It’s believed that the Fourth District Court of Appeals in Florida may have breathed new life into thousands of pending asbestos-related lawsuits when the court invalidated “retroactivity” in a state law designed to limit the number of people eligible to sue. The ruling is said to be a victory for thousands of people still awaiting their day in court. Judge Gary Farmer wrote for the unanimous court that the Florida Asbestos and Silica Compensation Fairness Act “may not constitutionally be applied to eliminate the existing vested rights in the lawsuits pending when the act became effective” July 1, 2005. Two other judges concurred. The ruling reversed 13 decisions by a trial court judge upholding retroactivity. Some of the cases date all the way back to 1999. The decision revives them in the lower court.
The 2005 law set impairment standards for plaintiffs. People with nonmalignant asbestosis must have lost at least 20% of their breathing capacity to sue, and those with lung cancer would have to have asbestosis and diminished breathing capacity to discount the effects of smoking. The appeals court said it could not sever the provisions of the act dealing with retroactivity from other provisions.

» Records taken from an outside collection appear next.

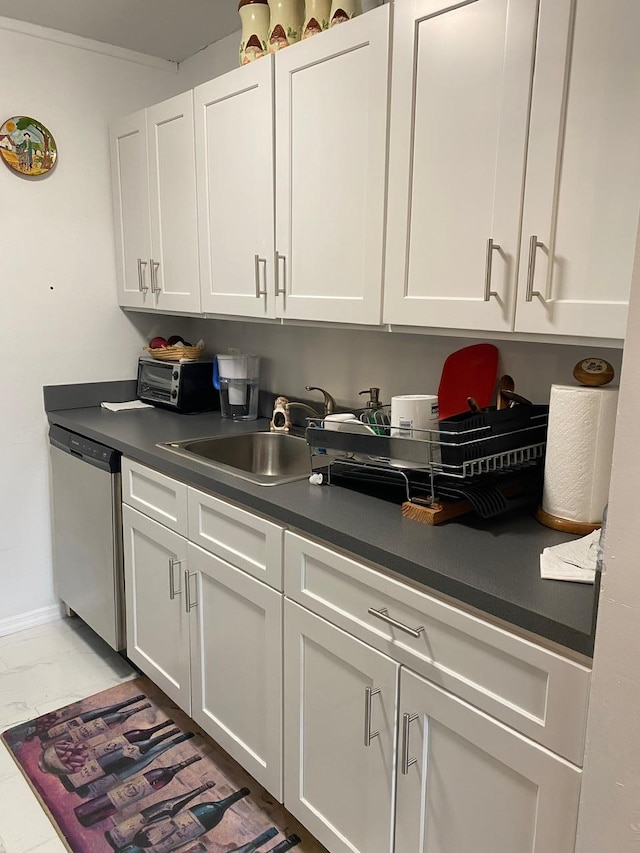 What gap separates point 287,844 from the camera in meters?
1.71

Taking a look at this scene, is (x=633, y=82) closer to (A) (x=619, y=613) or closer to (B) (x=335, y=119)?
(B) (x=335, y=119)

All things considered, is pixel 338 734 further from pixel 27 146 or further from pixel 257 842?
pixel 27 146

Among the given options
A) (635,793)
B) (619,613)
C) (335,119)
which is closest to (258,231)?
(335,119)

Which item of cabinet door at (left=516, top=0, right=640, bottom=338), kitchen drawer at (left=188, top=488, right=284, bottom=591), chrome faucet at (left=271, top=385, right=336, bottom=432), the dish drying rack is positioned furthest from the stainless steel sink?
cabinet door at (left=516, top=0, right=640, bottom=338)

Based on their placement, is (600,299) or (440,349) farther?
(440,349)

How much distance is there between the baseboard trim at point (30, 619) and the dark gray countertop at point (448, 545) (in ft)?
4.09

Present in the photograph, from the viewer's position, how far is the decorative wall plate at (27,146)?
8.10 ft

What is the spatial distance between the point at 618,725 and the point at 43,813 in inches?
64.2

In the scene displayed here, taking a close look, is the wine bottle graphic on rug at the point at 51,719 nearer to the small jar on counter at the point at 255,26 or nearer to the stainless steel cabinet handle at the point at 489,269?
the stainless steel cabinet handle at the point at 489,269

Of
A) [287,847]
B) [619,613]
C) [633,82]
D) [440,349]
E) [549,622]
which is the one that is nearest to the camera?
[619,613]

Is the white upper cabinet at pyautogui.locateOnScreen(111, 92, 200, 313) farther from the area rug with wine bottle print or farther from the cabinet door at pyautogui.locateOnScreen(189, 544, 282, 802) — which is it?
the area rug with wine bottle print

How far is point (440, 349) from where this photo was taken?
77.6 inches

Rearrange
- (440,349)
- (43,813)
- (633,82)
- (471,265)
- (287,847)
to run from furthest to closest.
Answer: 1. (440,349)
2. (43,813)
3. (287,847)
4. (471,265)
5. (633,82)

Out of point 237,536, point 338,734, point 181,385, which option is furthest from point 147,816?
point 181,385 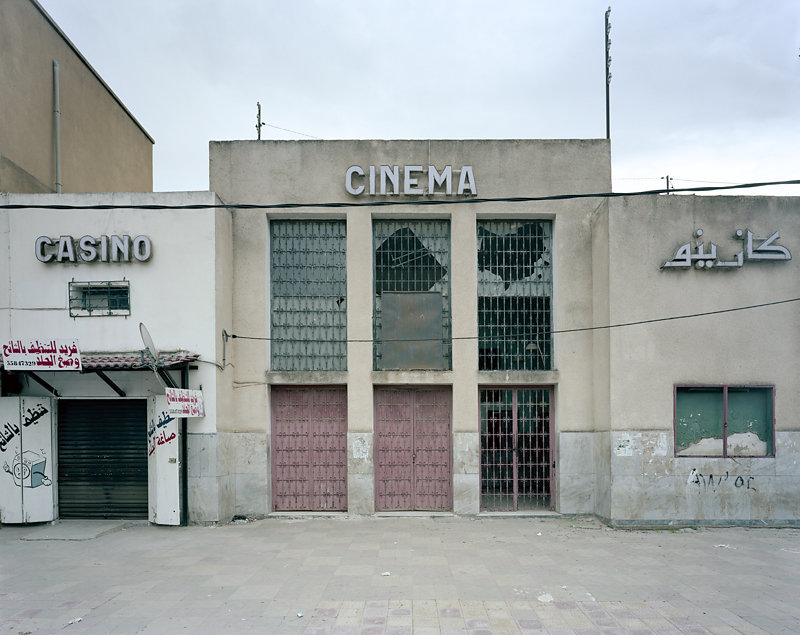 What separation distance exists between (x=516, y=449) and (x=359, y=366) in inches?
148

The court ruled:
The act in its entirety may not constitutionally be applied to require claimants with accrued causes of action for damages resulting from exposure to asbestos to plead and prove that any malignancy or physical impairment results from their exposure to asbestos. Instead, their accrued causes of action required them to show only that they suffered from an injury from an asbestos-related, nonmalignant disease.
Observers say the court’s ruling means the 2005 law cannot be applied to any person with an asbestos-related disease whether or not they sued before the law took effect. That appears to be a very good result and one that is legally correct.